Despite their people’s suffering at the hands of Israeli Jews and bullying by pro-Israel groups in the U.S., the Palestinian organizers that I know are generous and open-minded, fully aware of the difference between Judaism and Zionism, and determined to stand up against genuine anti-Jewish bigotry without having to be prompted to do so. I often wondered why so few people outside the movement were aware of this deep kindness that exists against all odds.

This is true not only for Palestinians. In general, I have found that Arab and Muslim activists who have grown up in the U.S. become aware from an early age of what anti-Semitism is, and of the heavy price they pay by being accused of it. The real problem, in my experience, is privileged white activists like Weir and most of her defenders – those who have rarely faced consequences for their words, and who maintain social ties with white supremacists. Contrary to what Israel lobbyists claim, the BDS movement has been instrumental in decreasing the influence of these anti-Jewish white activists on the pro-Palestine Left.

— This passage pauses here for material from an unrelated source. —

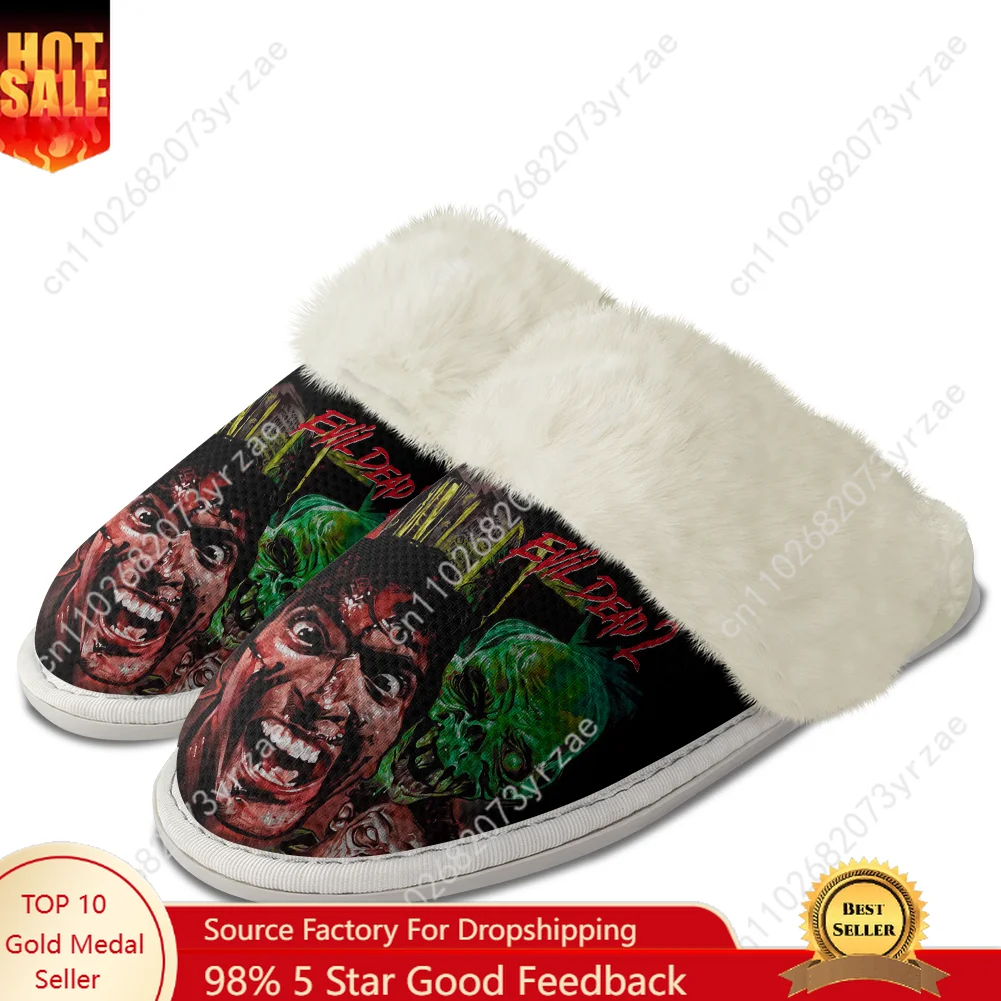 

Evil Dead II Plush Edge Warm Shoe Men Women Home Casual Slipper Bedroom Thermal Cotton Personalized Lightweight Custom Slippers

By the end of my time in the UC Berkeley chapter of Students for Justice in Palestine, I felt I had a list of what I considered serious anti-Jewish tropes that I was willing to confront others about. I had reflected sufficiently on my own position such that I did not get easily triggered by words that supposedly connoted Palestinian violence; I had a working knowledge of problematic speakers whose comments would reflect badly on us if we hosted them; and most importantly, I knew I wasn’t doing this work alone. My Palestinian, Arab and other non-Jewish comrades really had my back. When they encountered anti-Jewish statements, they would speak up without my having to ask them. Despite the deluge of misleading hasbara, our humanity had remained intact, and we were ready to take on all forms of bigotry as part of the journey to free Palestine.

*Correction: A previous version of this article stated that Gilad Atzmon was an active proponent of Nazism. That wording has been amended to reflect Atzmon’s support for “national socialism,” along with a link to substantiate that claim. A link has also been added to substantiate the claim that he is a Holocaust denier. 

Tom Pessah is a sociologist and activist.